Margaret hale and hearty at just 108!
I was on the F-train-express to Parsons Boulevard in Jamaica, Queens, New York, one bright sunny Sunday morning and I tried to think what it would be like to live for 107 years and still have all your senses intact. Of course most of us won’t have to worry too much about that, but for Margaret Byrne, now 108 years old since last Friday, the oldest living Irish woman, the dream of a long and healthy life has become a reality.
Following a stringent security check (this is America after all) I am finally granted access to room 549 on the 5th floor of Mary Immaculate Hospital, where Margaret has lived for the past two and a half years in the nursing home.

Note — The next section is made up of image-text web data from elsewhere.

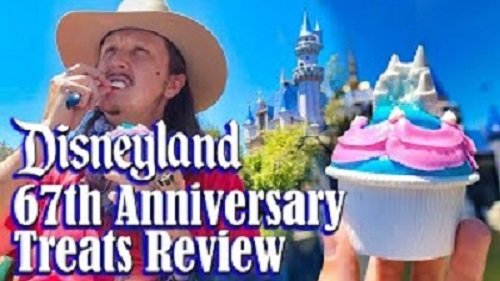 67TH Disneyland Anniversary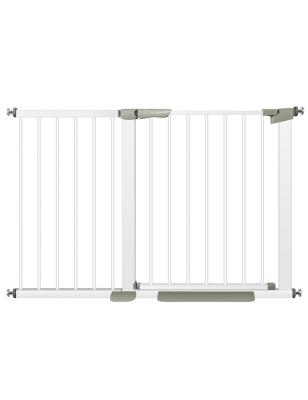 China Baby / Bathroom / Indoor / Protection / Home / Door Safety Gate For Baby Or Pet Sliding Door Retractable Pet Dog Gate Dog Fence width:118cm-125cm, height:78cm for sale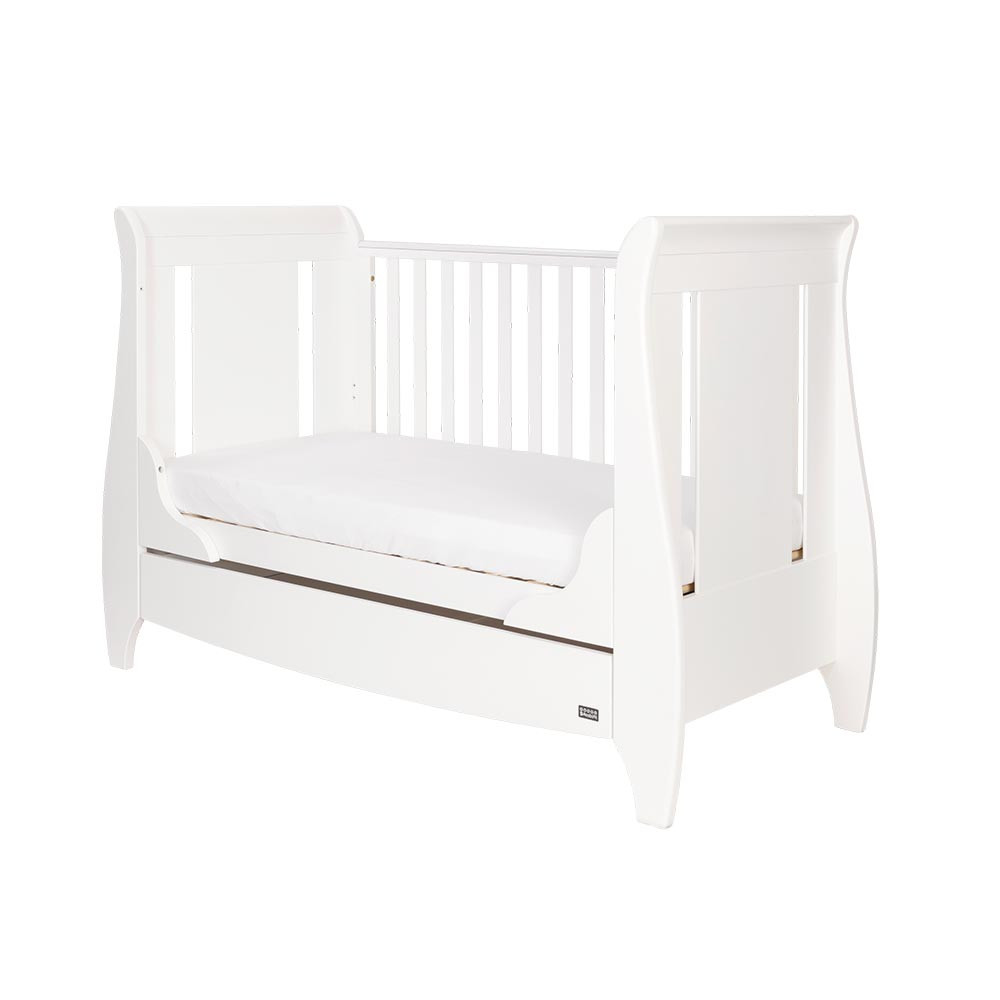lucas sleigh cot bed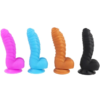 18.5 CM Silicone Realistic Ripped Dildo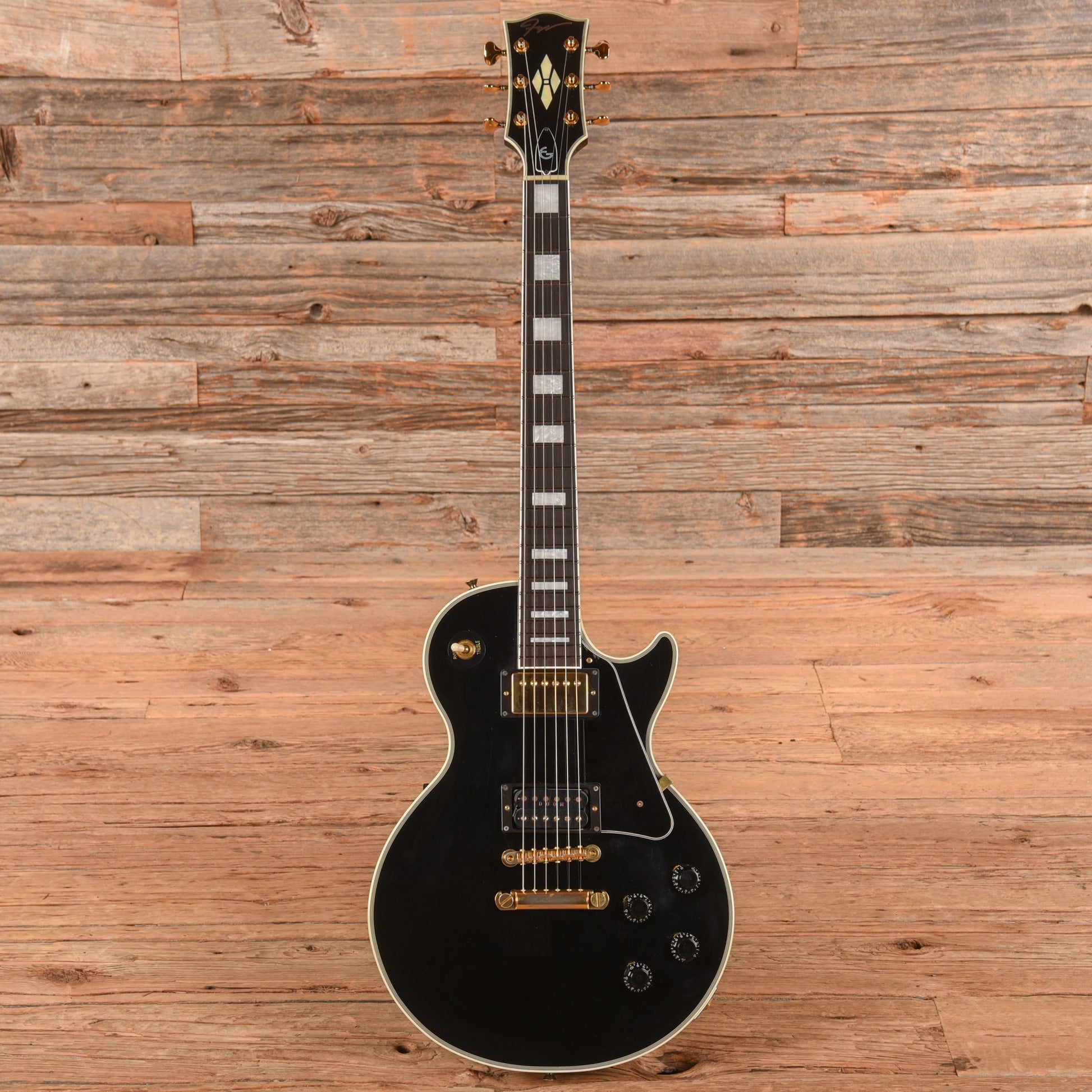 FGN LC-10 Black Electric Guitars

As I walk down the last corridor I try to think of questions to ask Margaret about her life and times in Ireland and America, but how can you define living to see three centuries, the dawn of the automobile, two world wars, the 1916 rising etc in the space of half an hour? I am greeted by a frail, yet bright-eyed, proud, old woman, who is dressed in turquoise and obviously expecting me as she has her hair and makeup done, all set for having her photograph taken.
One of the first things Margaret Byrne can remember about coming to America was being afraid. “I came to get married, I was very frightened, I didn’t know anybody – I only knew my husband a couple of weeks before I got married.”

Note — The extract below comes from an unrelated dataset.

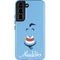 Disney Aladdin Genie Outline Art Galaxy S22 Pro Case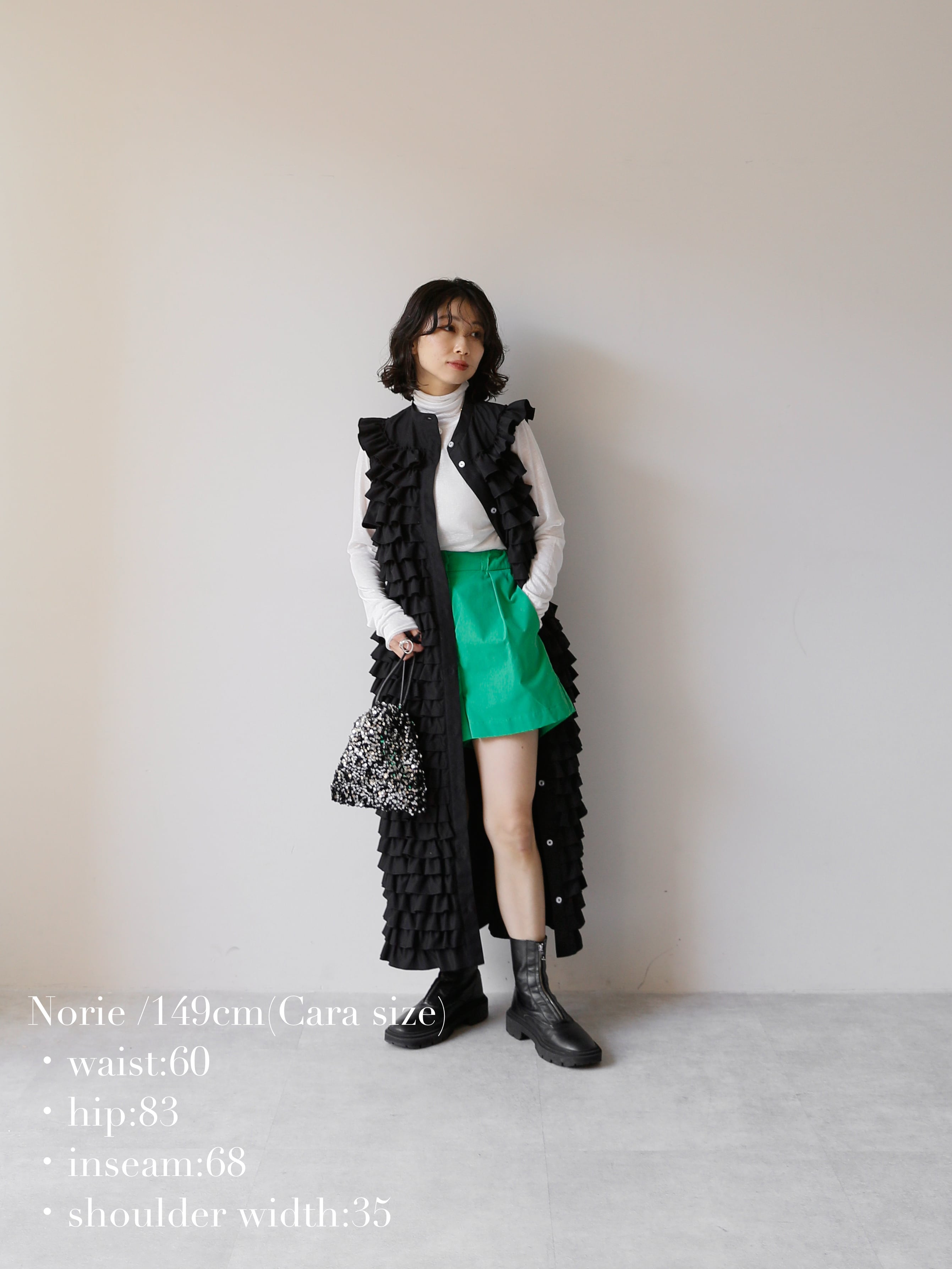 whip frill shirt onepiece | Katrin TOKYO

Margaret Byrne (nee Dwyer) was born on the August 4 (sic), 1892. In 1925 while working in a grocery store in Dublin, Margaret was introduced to her husband, Denis, through her sister Mary, who had married Denis’s brother, Edward in 1923. Denis from Coolinarrig, Baltinglass, was working in America at that time and was home on holidays. He was a brother of Mick Byrne, the well-known thresher man who drove his thresher into many farmsteads in West Wicklow.

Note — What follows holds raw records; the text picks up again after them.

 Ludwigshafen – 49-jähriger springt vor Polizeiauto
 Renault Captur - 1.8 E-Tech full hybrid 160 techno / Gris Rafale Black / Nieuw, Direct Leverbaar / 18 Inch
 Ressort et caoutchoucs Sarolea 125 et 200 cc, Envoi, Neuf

Following a whirlwind three-week romance, Denis whisked Margaret off to America. However, back then, people had to travel by ship, a journey that took at least six weeks – a far cry from the mere seven-hour present-day flight. On arriving in America, Margaret had to go through Ellis Island in New York Harbour, which was then used as an immigration centre and where her name is inscribed on the famous Ellis Island wall.
Within a few weeks, Margaret married Denis, and they initially lived in the Bronx before moving to Queens with their only child, Irene, in 1933. There they operated a bar in the borough of Whitestone for about two years after prohibition was lifted before moving to Flushing in 1935. According to Margaret’s daughter, Irene Laborde, 73, the family decided to move after the Whitestone bar began to lose money and her father was eventually forced to take on other jobs.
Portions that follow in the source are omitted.